Sovereignty in international affairs: In such an aspect the notion of an independent sovereign State is, on the international side, fatal to the well-being of humanity. The way in which a State should live its life in relation to other States is clearly not a matter in which that State is entitled to be the sole judge. That way lies the long avenue of disastrous warfare of which the rape of Belgium is the supreme moral result in modern times. The common life of States is a matter for common agreement between States.

International government is, therefore, axiomatic in any plan for international well-being. But international government implies the organized subordination of States to an authority in which each may have a voice, but in which also, that voice is never the self determined source of decision. How best to translate this conception into institutional terms is a matter to be discussed later. It is enough, for the moment, to postulate the disappearance of State sovereignty as the conditions without which the life of reason is impossible to States. England ought not to settle what armaments she needs, the tariffs she will erect the immigrants she will permit to enter. These matters affect the common life of peoples and they imply a unified world organized to administer them.

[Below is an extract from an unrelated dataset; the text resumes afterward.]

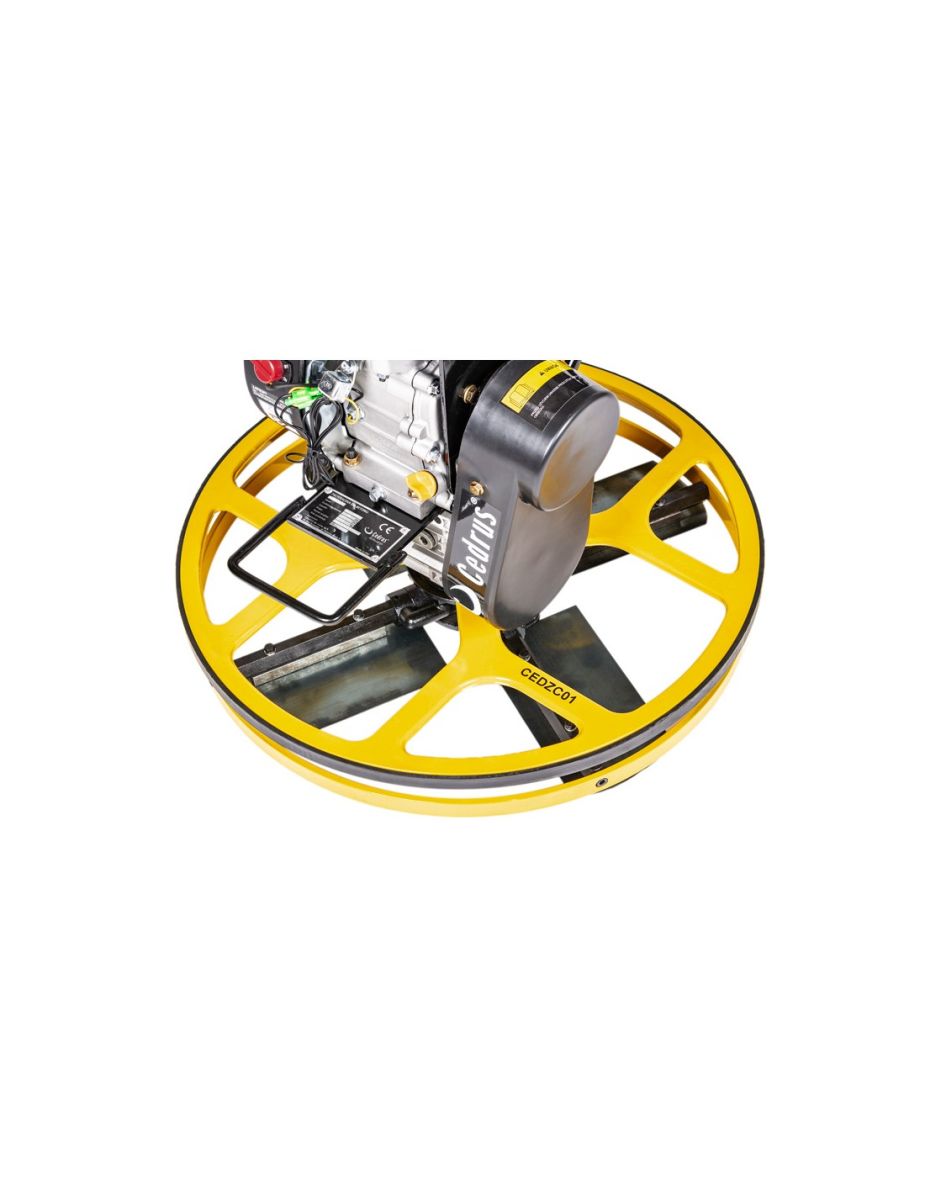 Zacieraczka spalinowa do betonu oficjalny dystrybutor Cedrus CEDZC01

The argument against such a view as this is ultimately the argument of despair. It assumes that men will always love blindly the little platoon into which they are born and it forgets that irrational passion now plays with instruments too dangerous to be called into use. No one doubts that it is a difficult task to fit the interests of the world into institutions which can express its needs.

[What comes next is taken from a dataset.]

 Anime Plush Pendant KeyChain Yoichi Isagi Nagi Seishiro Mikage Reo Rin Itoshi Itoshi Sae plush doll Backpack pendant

But no one can read the history of States which have regarded their private welfare as the supreme end without the sense that the outlawry of the power of exclusive decision is the most urgent need before us. If men are to live in the great society, they must learn the habits of co-operative intercourse.

They must learn to think of their platoon as a part of the great regiment of man, kind. They must grow accustomed to sinking immediate and temporary good for the lasting benefit which comes from peace. For, at least over a long period, the victories won in international intercourse by violence are rarely of permanent value. Germany did not gain by the annexation of Alsace Lorraine in 1871 Austria did not profit by her sovereignty over Bosnia and Herzegovina.

The traditions established by conduct of this kind are, ultimately, as materially fatal as they are morally disastrous. They are built upon the notion that the State is sovereign as against other States. They assume, as Hobbes said, that the hinterland between organized peoples is a bellum ommium contra omnes. That assumption is a betrayal of the reason which distinguishes man from his animal kindred or, rather, it is to devote that reason to ends which would destroy the distinction between man and the brute.

The fact that in the great society actions ramify until Tokyo and Paris become cities of a single community implies the organization of Statehood for that community. In a world State, however it be built, and whatever the measure of decentralization that obtains, there is no room for separate sovereign-ties. Those functions Which influence the life of the great society must be subject to the common and concerted decision of men.